Dans une situation aussi précaire, les habitants ne voulurent ni se disperser ni retourner en France. Tenaces comme tous les Normands, ils plongèrent des racines dans le sol, et s’y maintinrent. Braves comme la race dont ils descendaient, on les vit soutenir des combats journaliers contre les bandes iroquoises, et créer cette légende qui semble plutôt tirée de l’imagination des poètes que de la vie réelle : le laboureur, une main à la charrue et l’autre portant ses armes. Les femmes et les enfants, si paisibles et si doux dans les campagnes de la France, se transformaient au Canada ; le cri de guerre du sauvage leur allumait les veines. Il n’était point rare de voir les défricheurs secourus par leurs épouses, leurs filles et leurs jeunes garçons lorsqu’une surprise de ce genre avait lieu. Les Canadiens d’aujourd’hui se figurent difficilement l’existence que menaient leurs ancêtres au milieu des embûches des ennemis, et celui qui parcourt nos riches et belles paroisses ne songe pas « que près de la borne où chaque terre commence, aucun épis n’est pur de sang humain. »
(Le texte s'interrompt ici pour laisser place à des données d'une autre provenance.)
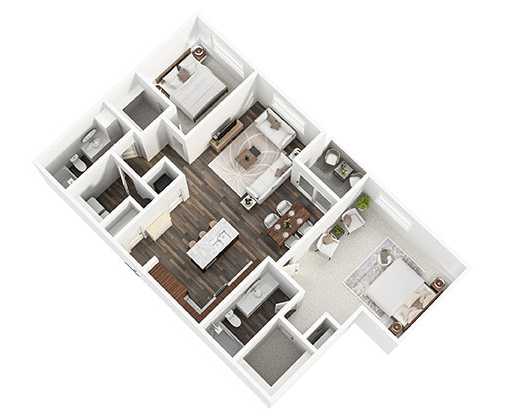 2 bedroom 2 bath H at Stonegate Crossing Apartments, Clive, IOWA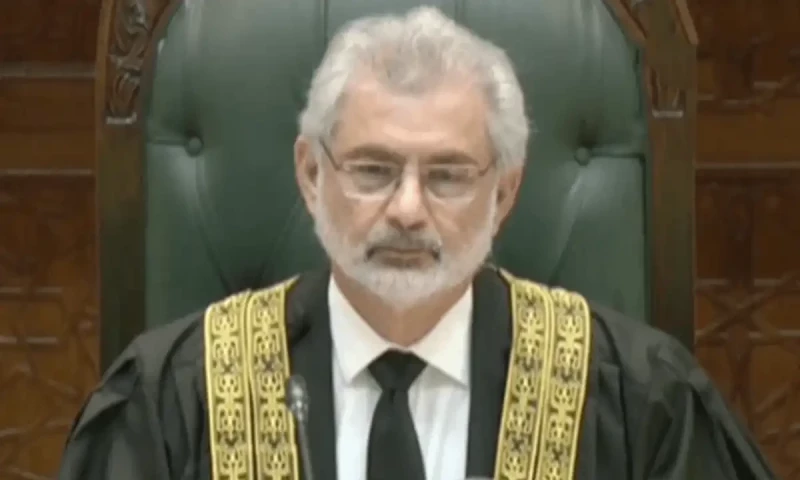 CJP Isa criticises clarification from judges on reserved seats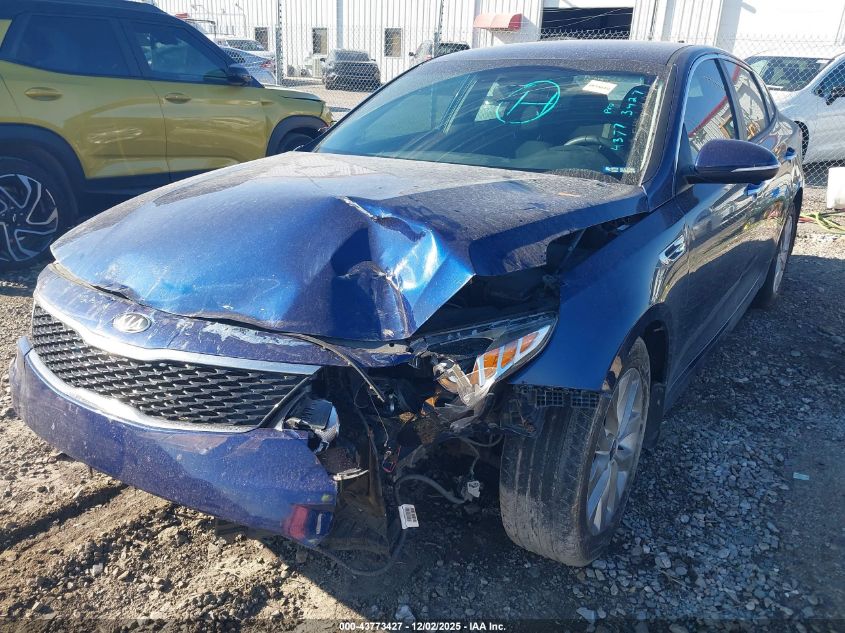 2018 Kia Optima Lx VIN: 5XXGT4L34JG267158 Lot: 43773427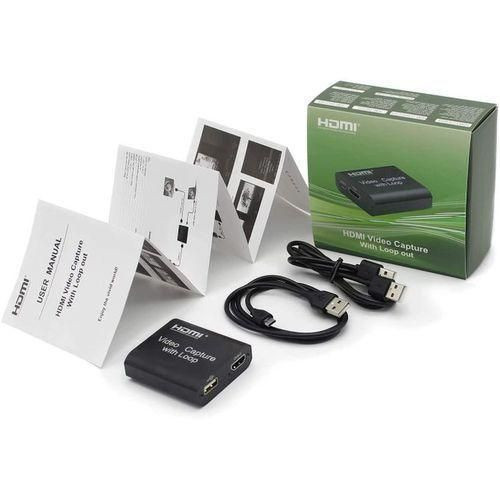 Hdmi Video Capture Card With Loop Out - Black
S’il est dans le nombre des colonies, petites et grandes, que l’Europe a éparpillées sur la surface du globe, un groupe d’hommes méritant le respect et l’admiration de l’Histoire, c’est assurément celui dont nous avons entrepris l’étude. Aussi est-il bon de relever avec soin, de page en page, ce qui touche à chacun de ces premiers Canadiens ; car ils méritent tous les honneurs que l’on décerne aux pères d’une nation — et, plus heureux que les Romains, nous avons gardé, outre les noms des Romulus et des Remus du Canada, le nom, le souvenir respecté et la descendance directe des fondateurs de notre patrie.